Por ser transmitido em língua russa e não possuir legendas ocultas, é de consumo muito pouco provável nesta Terra de Santa Cruz, sobretudo porque se trata de um conteúdo mais denso, informativo e bem feito, ao contrário de nossas diversas mídias, em especial as “alternativas”, que se sentem obrigadas a sujar tudo com partidarismo ou sensacionalismo. Contudo, ninguém é inocente em achar que nenhum veículo jornalístico tem lado. E lado é o que menos falta nos comentários de Shtern, sempre apoiando o governo (mas não sei se ele é partidário de Netanyahu), sempre atacando a ONU quando o mundo inteiro critica as ações do Tsahal e sempre dizendo que “Israel tem que ganhar, e Israel vai ganhar”. Isso há mais de meio ano...

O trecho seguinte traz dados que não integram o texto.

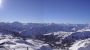 Skigebiet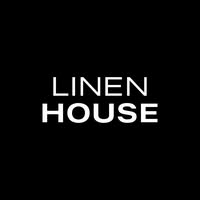 Linen House Emails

O programa tem até um bordão, em que depois de desejar boa noite ao convidado do dia, Shtern sempre diz “Shavuá tov, khoróshei nedéli!”, ambas as expressões significando “Boa semana!” em hebraico e russo. Shavuá tov é especialmente usado ao anoitecer do sábado, que é quando termina o shabbat hebraico e começa a semana do calendário lunar (aliás, a hora em que Izraél za nedéliu é exibido pelo horário de Moscou). Shtern não nega que o povo da faixa de Gaza sofra imensamente, mas “a culpa é sempre do Hamas”, e as tristes imagens que a maioria dos telejornais do mundo transmite (embora a ex-querda bananeira delire que “o mundo se esqueceu des palestines”, mas deixa pra lá) quase não aparecem no asséptico programa. Inclusive, desde o Sete de Outubro e sem justificativa aparente, o programa foi apresentado num bunker, ou ao menos num cenário semelhante, durante 5 meses, sem deixar de ter como sempre as reportagens especiais e as entrevistas com convidados, obviamente nenhum deles crítico acerbo de Netanyahu, Itamar Ben-Gvir, Bezalel Smotrich, dos colonos ilegais na Cisjordânia (ou “Judeia e Samaria”, como eles chamam) et caterva. É lado, mas é um lado bem apresentado e deve ser visto com olho crítico por pessoas mais informadas.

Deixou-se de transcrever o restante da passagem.